Automatic in what sense?  We use PCI_DRIVER_OVERRIDE_DEVICE_VFIO to set
the id_table entry to override_only, so any binding requires the user
to specify a driver_override.  Nothing automatically performs that
driver_override except the recent support in libvirt for "managed"
devices.

Effectively override_only negates the id_table to little more than a
suggestion to userspace of how the driver should be used.

> Userspace binding it to other random things is a Bad Thing.

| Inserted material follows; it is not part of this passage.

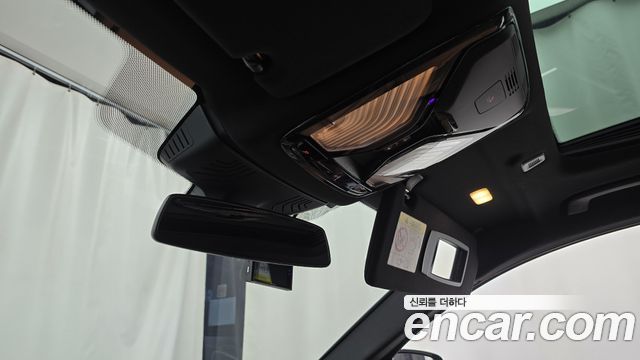 BMW 5-Series 2021 — photo 25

Yes, and GregKH has opinions about who gets to keep the pieces of the
broken system if a user uses dynamic ids or overrides to bind an
unsupported driver to a device.

> > > You are worried about someone wrongly loading a mlx5 driver on, say,
> > > an Intel device?  
> > 
> > That's sort of where we're headed if we consider it valid to bind a CX5
> > to mlx5-vfio-pci just because they have a host driver with a similar
> > name in common.   
> 
> I hope nobody is doing that, everyone should be using a tool that
> checks that ID table.. If we lack a usable tool for that then it that
> is the problemm.

These are the sort of questions I'm currently fielding and yes, we
don't really have any tools to make this automatic outside of the
recent libvirt support.

> > It's essentially a free for all.  I worry about test matrices, user
> > confusion, and being on guard for arbitrary devices at every turn in
> > variant drivers if our policy is that they should all work
> > equivalent to a basic vfio-pci-core implementation for anything.  
> 
> Today most of the drivers will just NOP themeslves if they can't find
> a compatible PF driver, the most likely bug in this path would be a
> NULL ptr deref or something in an untested path, or just total failure
> to bind.
> 
> We could insist that VF drivers are always able to find their PF or
> binding fails, that would narrow things considerably.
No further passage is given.